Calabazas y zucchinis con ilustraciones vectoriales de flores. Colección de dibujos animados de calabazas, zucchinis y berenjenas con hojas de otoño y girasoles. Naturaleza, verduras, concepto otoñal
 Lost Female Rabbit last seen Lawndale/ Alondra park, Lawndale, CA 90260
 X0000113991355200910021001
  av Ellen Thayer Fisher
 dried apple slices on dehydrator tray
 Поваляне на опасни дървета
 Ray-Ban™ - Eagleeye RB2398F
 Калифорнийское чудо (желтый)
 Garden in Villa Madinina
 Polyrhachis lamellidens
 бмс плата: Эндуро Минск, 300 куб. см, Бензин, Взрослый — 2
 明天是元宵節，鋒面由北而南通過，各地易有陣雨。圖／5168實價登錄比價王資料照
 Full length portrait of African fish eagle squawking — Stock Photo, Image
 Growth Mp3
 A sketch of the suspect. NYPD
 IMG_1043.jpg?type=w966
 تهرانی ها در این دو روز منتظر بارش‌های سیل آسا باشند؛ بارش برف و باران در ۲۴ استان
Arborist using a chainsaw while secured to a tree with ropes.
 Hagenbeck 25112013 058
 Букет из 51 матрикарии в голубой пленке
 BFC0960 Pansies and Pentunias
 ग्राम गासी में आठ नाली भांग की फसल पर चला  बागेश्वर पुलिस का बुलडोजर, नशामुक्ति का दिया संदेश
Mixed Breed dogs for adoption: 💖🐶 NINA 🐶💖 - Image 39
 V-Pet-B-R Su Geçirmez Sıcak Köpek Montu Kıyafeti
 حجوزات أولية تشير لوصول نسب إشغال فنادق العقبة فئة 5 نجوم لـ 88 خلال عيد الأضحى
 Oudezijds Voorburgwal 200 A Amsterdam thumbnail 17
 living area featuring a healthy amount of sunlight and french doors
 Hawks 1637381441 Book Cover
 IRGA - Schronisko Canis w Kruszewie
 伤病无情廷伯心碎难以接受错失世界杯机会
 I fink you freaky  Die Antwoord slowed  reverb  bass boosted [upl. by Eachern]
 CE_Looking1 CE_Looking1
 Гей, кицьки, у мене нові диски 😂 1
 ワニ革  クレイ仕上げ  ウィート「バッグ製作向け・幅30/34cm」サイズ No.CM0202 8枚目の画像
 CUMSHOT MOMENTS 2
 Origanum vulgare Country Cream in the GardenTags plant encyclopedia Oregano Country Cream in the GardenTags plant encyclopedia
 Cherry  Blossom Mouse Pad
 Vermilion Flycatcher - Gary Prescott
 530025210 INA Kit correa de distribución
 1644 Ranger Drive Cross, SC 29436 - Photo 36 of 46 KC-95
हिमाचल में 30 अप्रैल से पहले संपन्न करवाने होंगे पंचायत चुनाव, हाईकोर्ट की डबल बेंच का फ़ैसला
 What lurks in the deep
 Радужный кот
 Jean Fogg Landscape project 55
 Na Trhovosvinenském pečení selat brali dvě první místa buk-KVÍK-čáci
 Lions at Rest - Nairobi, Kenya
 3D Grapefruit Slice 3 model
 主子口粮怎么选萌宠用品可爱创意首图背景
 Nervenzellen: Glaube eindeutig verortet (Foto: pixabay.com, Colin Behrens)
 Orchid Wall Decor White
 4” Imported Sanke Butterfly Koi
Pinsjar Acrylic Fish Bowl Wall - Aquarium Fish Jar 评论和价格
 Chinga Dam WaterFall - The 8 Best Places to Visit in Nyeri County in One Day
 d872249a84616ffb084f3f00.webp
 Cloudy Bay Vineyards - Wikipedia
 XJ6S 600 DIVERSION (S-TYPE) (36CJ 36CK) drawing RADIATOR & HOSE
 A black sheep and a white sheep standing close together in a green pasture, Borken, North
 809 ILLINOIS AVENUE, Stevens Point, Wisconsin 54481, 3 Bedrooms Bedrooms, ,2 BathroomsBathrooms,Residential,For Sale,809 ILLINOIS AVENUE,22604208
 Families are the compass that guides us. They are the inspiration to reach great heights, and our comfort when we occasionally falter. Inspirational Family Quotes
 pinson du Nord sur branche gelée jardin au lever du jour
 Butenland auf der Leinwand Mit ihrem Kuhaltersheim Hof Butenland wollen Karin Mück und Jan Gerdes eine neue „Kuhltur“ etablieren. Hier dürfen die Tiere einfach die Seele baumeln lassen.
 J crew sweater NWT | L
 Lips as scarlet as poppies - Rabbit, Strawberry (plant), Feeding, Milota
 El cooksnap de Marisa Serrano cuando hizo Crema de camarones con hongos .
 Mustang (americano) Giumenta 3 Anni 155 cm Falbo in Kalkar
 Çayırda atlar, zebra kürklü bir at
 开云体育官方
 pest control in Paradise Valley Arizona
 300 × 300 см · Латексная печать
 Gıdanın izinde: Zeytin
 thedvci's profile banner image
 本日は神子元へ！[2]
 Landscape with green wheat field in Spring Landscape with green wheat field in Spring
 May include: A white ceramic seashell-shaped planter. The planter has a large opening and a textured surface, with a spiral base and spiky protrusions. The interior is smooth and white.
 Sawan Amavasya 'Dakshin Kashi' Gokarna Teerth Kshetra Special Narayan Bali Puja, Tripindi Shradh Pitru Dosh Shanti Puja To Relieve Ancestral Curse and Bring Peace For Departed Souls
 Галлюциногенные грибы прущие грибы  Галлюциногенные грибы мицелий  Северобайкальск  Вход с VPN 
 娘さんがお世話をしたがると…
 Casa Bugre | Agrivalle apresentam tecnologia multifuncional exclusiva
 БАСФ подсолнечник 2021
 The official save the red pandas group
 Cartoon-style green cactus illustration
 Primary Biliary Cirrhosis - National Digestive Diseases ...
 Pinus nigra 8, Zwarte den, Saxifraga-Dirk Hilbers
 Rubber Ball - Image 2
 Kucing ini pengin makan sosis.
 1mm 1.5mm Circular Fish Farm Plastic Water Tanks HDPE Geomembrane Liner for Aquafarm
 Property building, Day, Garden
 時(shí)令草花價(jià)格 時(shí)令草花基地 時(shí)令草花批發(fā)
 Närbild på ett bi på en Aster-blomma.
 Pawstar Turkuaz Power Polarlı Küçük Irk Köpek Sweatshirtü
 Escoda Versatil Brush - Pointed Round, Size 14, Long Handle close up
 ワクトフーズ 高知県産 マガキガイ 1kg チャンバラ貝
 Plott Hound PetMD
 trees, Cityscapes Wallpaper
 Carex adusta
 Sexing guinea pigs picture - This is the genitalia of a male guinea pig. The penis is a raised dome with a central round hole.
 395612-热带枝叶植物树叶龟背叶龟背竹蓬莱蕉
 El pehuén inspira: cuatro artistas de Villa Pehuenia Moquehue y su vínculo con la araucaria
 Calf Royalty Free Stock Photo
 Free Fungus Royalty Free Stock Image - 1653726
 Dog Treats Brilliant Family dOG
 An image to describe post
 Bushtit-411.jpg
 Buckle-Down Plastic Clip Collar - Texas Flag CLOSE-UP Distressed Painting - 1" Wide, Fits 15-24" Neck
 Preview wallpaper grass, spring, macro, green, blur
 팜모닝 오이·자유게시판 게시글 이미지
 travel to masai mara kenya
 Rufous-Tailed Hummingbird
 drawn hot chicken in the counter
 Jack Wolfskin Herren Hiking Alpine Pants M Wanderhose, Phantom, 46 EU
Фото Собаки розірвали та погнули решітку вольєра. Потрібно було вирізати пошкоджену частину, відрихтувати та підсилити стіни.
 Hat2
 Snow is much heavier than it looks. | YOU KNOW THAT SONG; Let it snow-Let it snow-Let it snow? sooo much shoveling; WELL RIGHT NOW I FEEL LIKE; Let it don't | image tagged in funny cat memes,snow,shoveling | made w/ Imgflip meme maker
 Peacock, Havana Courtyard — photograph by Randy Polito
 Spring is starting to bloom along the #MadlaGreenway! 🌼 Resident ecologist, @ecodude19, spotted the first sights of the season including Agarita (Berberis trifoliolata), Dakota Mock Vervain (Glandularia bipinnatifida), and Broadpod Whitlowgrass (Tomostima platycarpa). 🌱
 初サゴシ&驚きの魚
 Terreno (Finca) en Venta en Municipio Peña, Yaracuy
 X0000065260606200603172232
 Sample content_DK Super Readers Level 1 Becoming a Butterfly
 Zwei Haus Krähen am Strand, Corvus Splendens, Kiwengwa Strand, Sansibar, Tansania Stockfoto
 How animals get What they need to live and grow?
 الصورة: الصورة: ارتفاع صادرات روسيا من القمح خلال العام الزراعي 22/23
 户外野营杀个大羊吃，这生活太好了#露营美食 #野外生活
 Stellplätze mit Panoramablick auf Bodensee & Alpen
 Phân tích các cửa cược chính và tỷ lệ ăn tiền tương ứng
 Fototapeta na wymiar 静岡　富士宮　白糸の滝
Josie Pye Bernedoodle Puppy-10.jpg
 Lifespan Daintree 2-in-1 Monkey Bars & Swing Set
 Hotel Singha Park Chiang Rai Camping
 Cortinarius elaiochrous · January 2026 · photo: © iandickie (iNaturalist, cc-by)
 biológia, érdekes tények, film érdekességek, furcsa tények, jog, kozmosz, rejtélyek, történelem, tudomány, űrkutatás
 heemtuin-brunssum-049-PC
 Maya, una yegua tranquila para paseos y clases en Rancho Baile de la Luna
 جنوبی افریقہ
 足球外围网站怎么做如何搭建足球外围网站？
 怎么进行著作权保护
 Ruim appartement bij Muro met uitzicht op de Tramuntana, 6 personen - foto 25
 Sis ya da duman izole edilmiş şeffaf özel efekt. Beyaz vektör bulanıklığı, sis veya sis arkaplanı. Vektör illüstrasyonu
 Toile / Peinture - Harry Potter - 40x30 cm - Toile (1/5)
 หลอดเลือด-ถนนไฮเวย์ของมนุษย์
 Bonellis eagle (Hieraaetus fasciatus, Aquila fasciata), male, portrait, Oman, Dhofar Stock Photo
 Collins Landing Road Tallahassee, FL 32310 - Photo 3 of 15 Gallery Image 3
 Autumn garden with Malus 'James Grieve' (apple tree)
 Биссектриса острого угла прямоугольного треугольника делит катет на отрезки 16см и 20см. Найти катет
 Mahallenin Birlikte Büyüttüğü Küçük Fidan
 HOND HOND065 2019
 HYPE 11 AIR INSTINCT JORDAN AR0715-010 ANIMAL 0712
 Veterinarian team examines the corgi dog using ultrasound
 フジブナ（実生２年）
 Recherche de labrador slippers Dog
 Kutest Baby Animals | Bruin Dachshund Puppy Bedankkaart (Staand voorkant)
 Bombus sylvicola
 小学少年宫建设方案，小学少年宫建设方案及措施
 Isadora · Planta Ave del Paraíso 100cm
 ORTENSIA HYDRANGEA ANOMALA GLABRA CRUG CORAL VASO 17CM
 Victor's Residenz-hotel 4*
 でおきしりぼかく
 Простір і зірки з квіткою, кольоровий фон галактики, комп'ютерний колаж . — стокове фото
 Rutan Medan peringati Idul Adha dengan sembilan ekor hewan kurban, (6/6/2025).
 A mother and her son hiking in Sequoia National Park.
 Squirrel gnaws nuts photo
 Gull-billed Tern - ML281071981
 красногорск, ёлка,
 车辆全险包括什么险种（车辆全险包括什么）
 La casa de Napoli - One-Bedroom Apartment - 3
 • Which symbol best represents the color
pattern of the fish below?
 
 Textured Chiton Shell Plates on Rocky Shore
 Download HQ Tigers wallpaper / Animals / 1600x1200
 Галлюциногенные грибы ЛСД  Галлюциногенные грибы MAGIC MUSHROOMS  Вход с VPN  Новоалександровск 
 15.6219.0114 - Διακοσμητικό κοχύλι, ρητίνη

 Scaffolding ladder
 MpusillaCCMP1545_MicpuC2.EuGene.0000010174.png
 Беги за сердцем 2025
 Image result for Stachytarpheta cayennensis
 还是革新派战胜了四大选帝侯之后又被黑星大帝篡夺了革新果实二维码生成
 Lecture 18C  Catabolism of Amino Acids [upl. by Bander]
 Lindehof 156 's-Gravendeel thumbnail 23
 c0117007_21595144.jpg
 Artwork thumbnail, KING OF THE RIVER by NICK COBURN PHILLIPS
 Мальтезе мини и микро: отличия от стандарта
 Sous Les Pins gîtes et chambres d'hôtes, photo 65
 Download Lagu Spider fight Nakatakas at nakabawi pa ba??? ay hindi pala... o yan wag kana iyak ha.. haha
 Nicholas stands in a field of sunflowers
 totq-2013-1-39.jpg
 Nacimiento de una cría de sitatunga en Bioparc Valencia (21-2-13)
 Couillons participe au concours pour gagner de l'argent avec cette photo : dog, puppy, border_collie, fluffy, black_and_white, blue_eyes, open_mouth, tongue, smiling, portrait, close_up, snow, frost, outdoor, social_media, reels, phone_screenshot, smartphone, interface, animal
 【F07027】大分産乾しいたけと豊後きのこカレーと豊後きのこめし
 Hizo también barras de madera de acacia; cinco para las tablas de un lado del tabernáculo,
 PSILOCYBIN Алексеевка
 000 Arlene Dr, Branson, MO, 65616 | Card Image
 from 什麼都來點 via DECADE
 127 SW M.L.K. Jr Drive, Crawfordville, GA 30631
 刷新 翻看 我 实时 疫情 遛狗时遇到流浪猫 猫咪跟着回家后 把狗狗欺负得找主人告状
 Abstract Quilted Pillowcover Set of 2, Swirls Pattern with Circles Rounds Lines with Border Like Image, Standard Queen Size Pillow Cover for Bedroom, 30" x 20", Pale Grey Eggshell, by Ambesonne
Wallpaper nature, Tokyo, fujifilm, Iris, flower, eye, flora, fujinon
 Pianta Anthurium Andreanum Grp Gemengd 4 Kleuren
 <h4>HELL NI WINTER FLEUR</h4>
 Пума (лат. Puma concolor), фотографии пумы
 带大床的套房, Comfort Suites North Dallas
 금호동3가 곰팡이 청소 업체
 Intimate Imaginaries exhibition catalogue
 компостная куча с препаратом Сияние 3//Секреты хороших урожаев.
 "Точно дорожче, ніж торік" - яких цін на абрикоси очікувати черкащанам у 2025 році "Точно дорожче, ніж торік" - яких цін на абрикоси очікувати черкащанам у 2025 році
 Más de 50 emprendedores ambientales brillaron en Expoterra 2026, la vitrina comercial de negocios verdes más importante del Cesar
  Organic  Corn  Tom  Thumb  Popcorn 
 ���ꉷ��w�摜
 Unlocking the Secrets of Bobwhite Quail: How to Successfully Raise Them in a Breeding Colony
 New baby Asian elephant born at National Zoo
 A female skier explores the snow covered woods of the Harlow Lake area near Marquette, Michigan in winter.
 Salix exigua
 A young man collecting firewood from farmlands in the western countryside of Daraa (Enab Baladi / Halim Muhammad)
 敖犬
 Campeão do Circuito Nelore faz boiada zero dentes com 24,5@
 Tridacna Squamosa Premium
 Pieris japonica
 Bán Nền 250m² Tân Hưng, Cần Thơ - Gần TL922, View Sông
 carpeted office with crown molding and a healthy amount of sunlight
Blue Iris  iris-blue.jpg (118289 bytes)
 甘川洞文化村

· · ·

Exercise instructions:
Out of the data above, transcribe exactly and only the lines starting with the line that has "Spring is starting" and going on through the line that has "الصورة: الصورة: ارتفاع", both included.

Output:
 Spring is starting to bloom along the #MadlaGreenway! 🌼 Resident ecologist, @ecodude19, spotted the first sights of the season including Agarita (Berberis trifoliolata), Dakota Mock Vervain (Glandularia bipinnatifida), and Broadpod Whitlowgrass (Tomostima platycarpa). 🌱
 初サゴシ&驚きの魚
 Terreno (Finca) en Venta en Municipio Peña, Yaracuy
 X0000065260606200603172232
 Sample content_DK Super Readers Level 1 Becoming a Butterfly
 Zwei Haus Krähen am Strand, Corvus Splendens, Kiwengwa Strand, Sansibar, Tansania Stockfoto
 How animals get What they need to live and grow?
 الصورة: الصورة: ارتفاع صادرات روسيا من القمح خلال العام الزراعي 22/23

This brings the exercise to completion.